We're beginning a new occasional posting of poems from Blood to Remember: American Poets on the Holocaust (ed. Charles Fishman). The second edition came out in 2007 and contains the work of 240 poets.
The first poem in this series is by Helen Degen Cohen, a poet who survived the Holocaust and came to the US as a Displaced Person.
out of a sheer, sunlit countryside,
where sometimes a goat made the only sound in
all the universe, and a car engine would certainly
tear the wing of an angel. Entering burnt Warsaw
and the Sound of the World, how strange, how lonely
the separate notes of Everything, lost in a smell of
spent shots still smoking, a ghost of bombs, a silence
of so many voices, the ruined city singing not only
a post-war song but an Everything hymn of dogs wailing,
a car, a horse, a droning plane, a slow, distant
demolition, hammers like rain, the hum, the hum,
bells and levers and voices leveled and absorbed
into the infinite hum in which the ruins
sat empty and low like well-behaved children,
the ruins, their holes, like eyes, secretly open,
passing on either side, as we entered Warsaw, an air
of lost worlds in a smoky sweet light ghosting
and willing their sounding and resounding remains
Helen Degen Cohen’s (Halina Degenfisz’s) awards include a National Endowment for the Arts (NEA) fellowship in poetry, First Prize in British Stand Magazine's fiction competition, and three Illinois Arts Council Literary awards.

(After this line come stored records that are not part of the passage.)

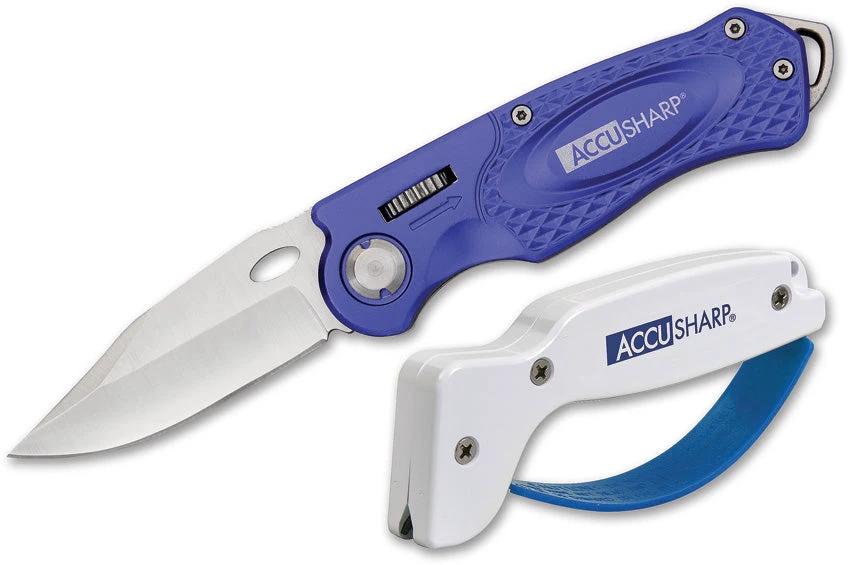 AccuSharp Wheel Lock Sharpener Combo 041C Four And A Quarter Inch Closed Knife With Two And A Half Inch Satin Blade by AccuSharp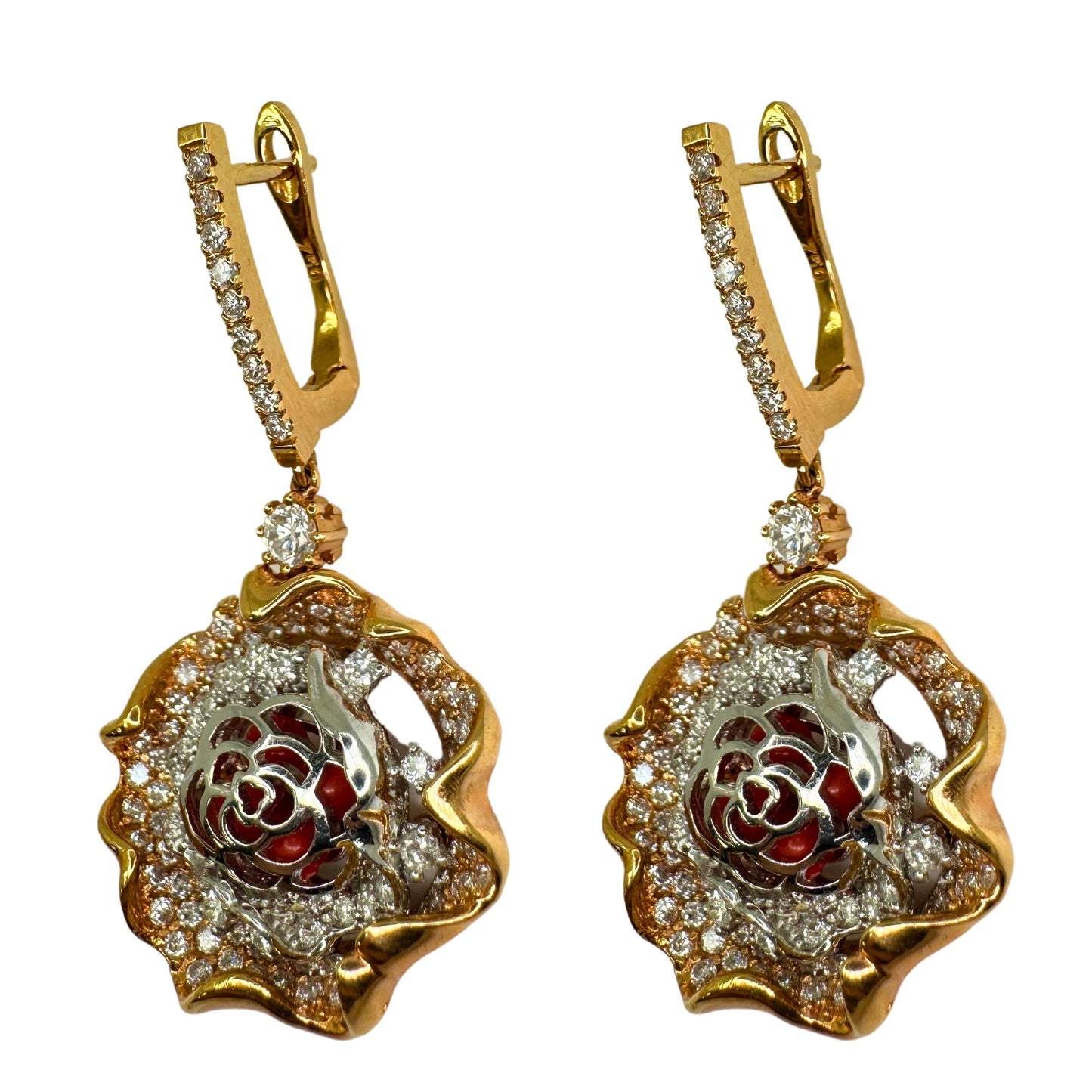 18k Diamond Flower Earrings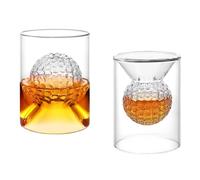 Yuhtech Lot de 2 verres à whisky de golf, verres à whisky de 50 ml avec balle de golf intégrée, verre à café, verre à vin rouge pour cocktail pour golfeur, les deux côtés sont utilisables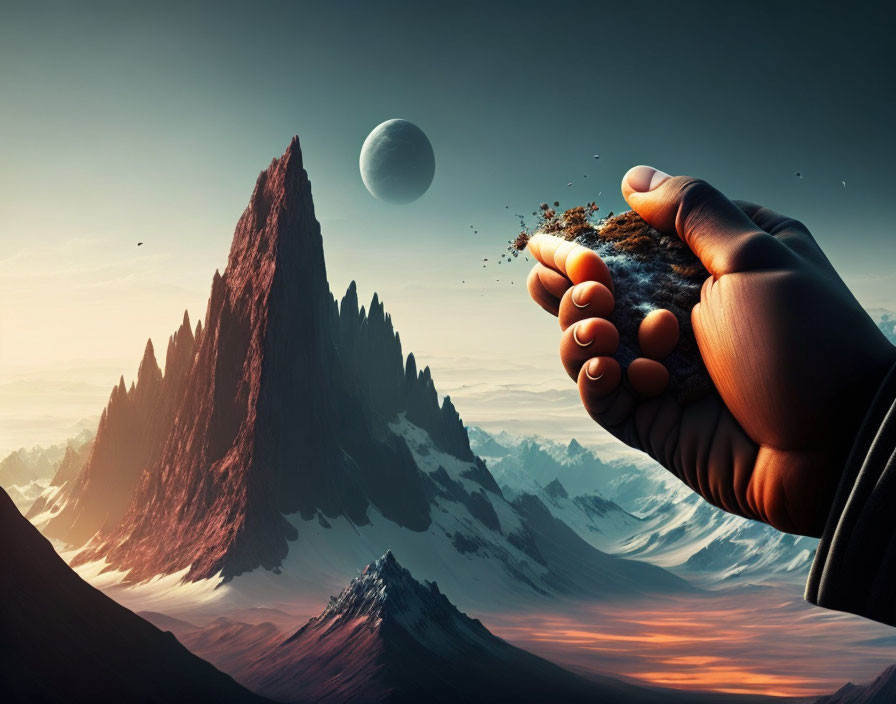 Surreal landscape with giant hand, rocky peaks, moon, warm to cold colors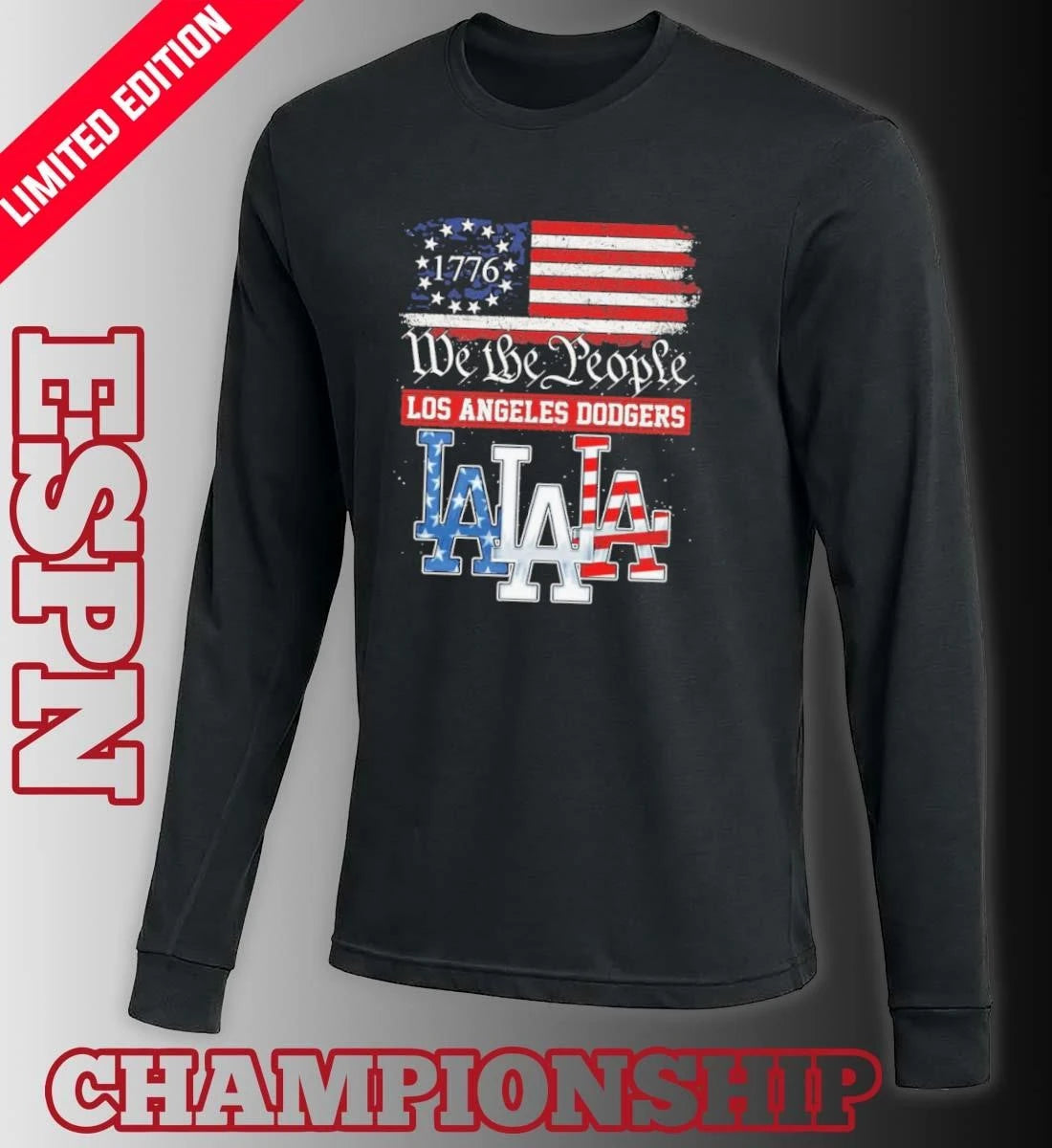 Official We The People Los Angeles Dodgers Red White Blue Shirt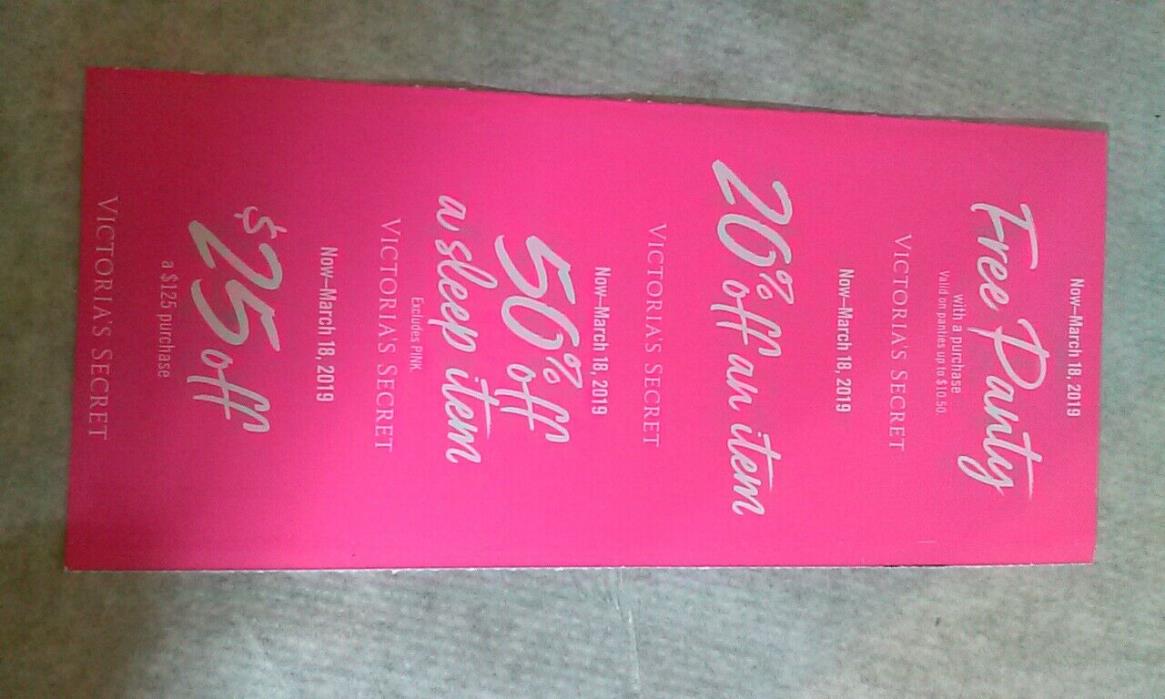 Victoria's Secret Coupons Panty w/ purchase 20% off an item $25 off $125 March18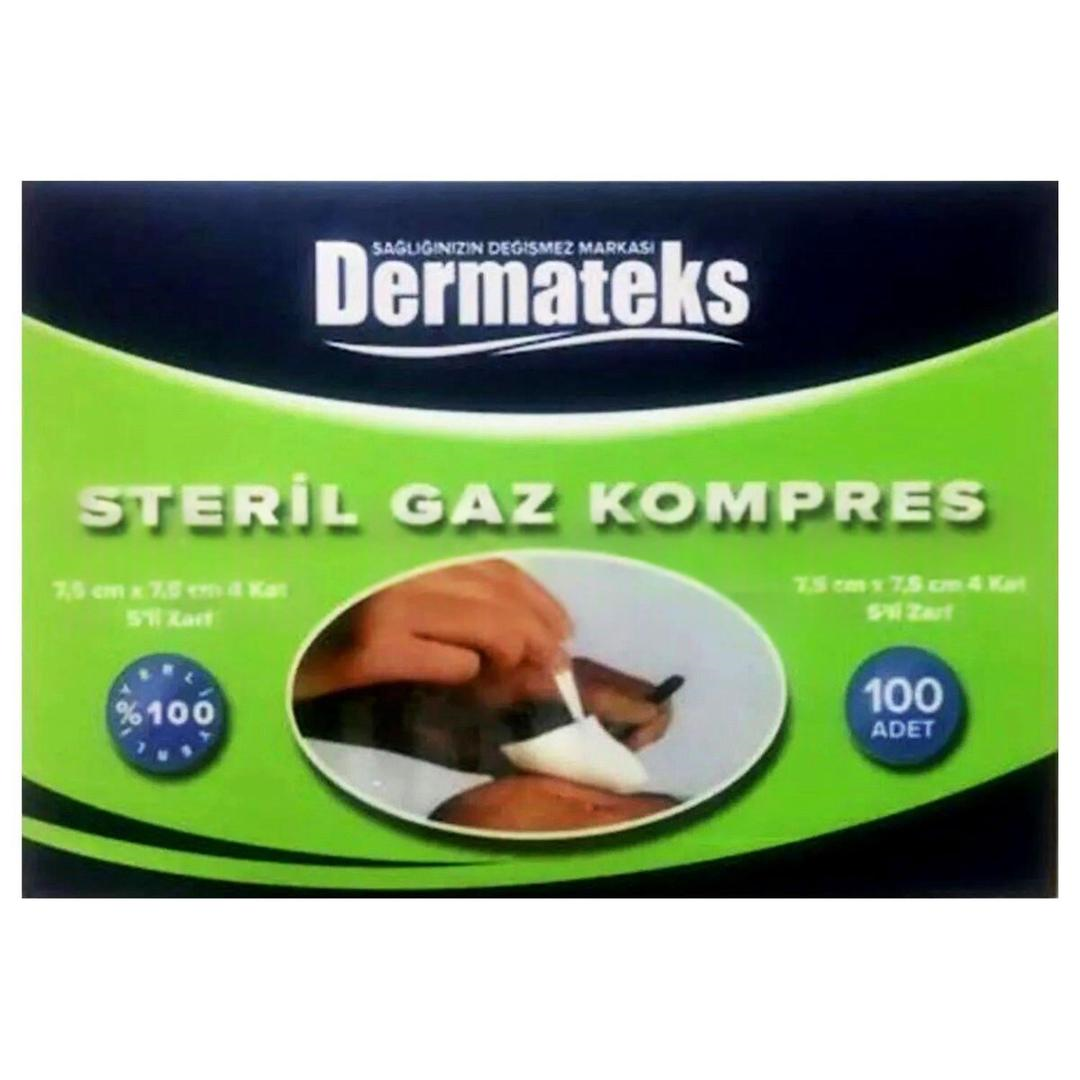 Dermateks 4 Kat Steril Gaz Kompres 5'li Zarf 7,5 x 7,5 cm - 100 Adet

Once an Artist-in-Education and instructor for Roosevelt University, she co-edits Rhino Magazine and coordinates its Poetry Forum workshop. Widely published in periodicals, she was twice "featured poet" in The Spoon River Poetry Review, and her work has been the subject of essays such as "Rootlessness and Alienation in the Poetry of Helen Degen Cohen" (Shofar) and "This Dark Poland" (Something of My Very Own to Say, Columbia University, Press).
In 2009 she had two poetry collections published—Habry and On A Good Day One Discovers Another Poet—as well as an excerpt from her novel, The Edge of the Field (in Where We Find Ourselves—SUNY). A new chapbook, Neruda Nights, is available from Finishing Line Press.